Ia menegaskan revisi itu harus ditolak apabila bertujuan memberi remisi kepada narapidana korupsi. Sebab korupsi merupakan perkara yang menyengsarakan rakyat dan tidak pantas mendapatkan keringanan.

“Korupsi itu extraordinary crime (kejahatan luar biasa).Jadi, mengatasinya juga harus extraordinary,” tukasnya.

Terkait dengan merebaknya kerusuhan di lembaga pemasyarakatan, terakhir di LP Banceuy, Bandung, Yasonna mengusulkan agar pengguna narkoba cukup direhabilitasi.

Menurut dia, mayoritas narapidana terkait dengan kasus narkoba sehingga pemakai tidak perlu dipenjara karena akan membuat sesak LP.

“Sekarang ada 5 juta pemakai, kalau mau fair, tangkap 5 juta, (tapi) mau kita masukin di mana? Sekarang 151 ribu (napi) saja sudah mabuk,” ungkap Yasonna seusai telekonferensi dengan 200 kepala LP dan 28 kanwil seluruh Indonesia di Gedung Kemenkum dan HAM di Jakarta, kemarin.

Ia mencontohkan narapidana yang dihukum empat tahun meski hanya tertangkap membawa satu linting ganja. Untuk itu, kata dia, rehabilitasi pengguna narkoba merupakan jalan keluar mengatasi kelebihan kapasitas.

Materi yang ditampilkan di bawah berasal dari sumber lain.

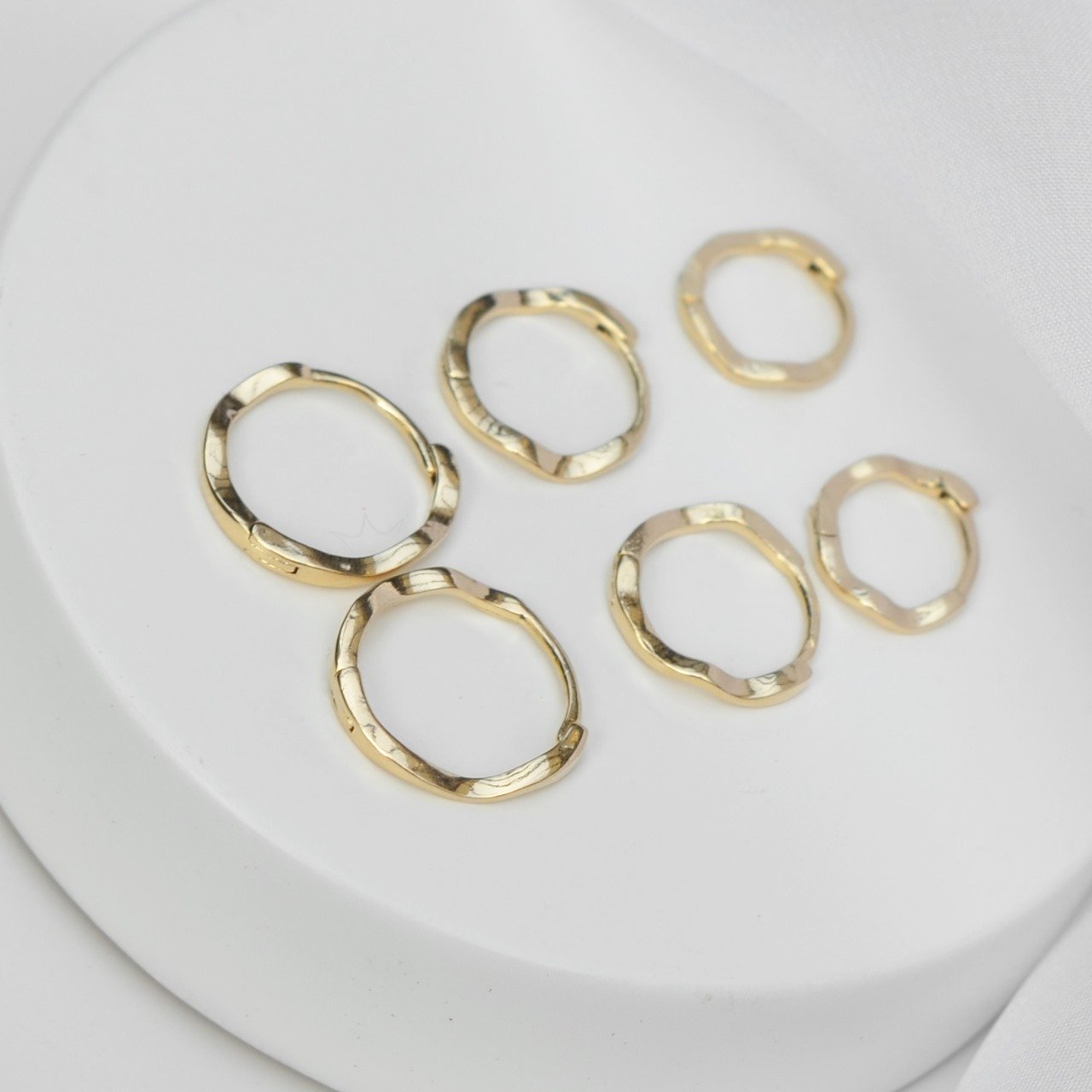 Brinco Argola Ondulada Lisa Orgnica Clique - Semijoia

Rehabilitasi pun, kata dia, tidak bisa dilakukan Ditjen Pemasyarakatan. Pasalnya anggaran rehabilitasi hanya untuk 5.000 orang, sedangkan napi narkoba mencapai 61 ribu orang.

Rawan disalahgunakan
Yasonna mengatakan syarat untuk mendapatkan remisi dengan menjadi justice collaborator (JC) rentan disalahgunakan. Persyaratan menjadi JC tersebut tercantum dalam Pasal 34A ayat (1) huruf a PP No 99/2012 tentang Tata Cara Pelaksanaan Hak Warga Binaan Pemasyarakatan.

JC ialah seorang saksi, yang juga merupakan pelaku, tapi mau bekerja sama dengan penegak hukum dalam rangka membongkar suatu perkara.

“JC itu menggantungkan kewenangan ke tempat lain (penegak hukum), kadang-kadang there is no free lunch (tidak ada yang gratis),” ujar Yasonna.

Menurutnya, penyalahgunaan wewenang dalam penerbitan JC oleh aparat penegak hukum ada dalam kategori parah. “Pengurusnya (penegak hukum) parah.”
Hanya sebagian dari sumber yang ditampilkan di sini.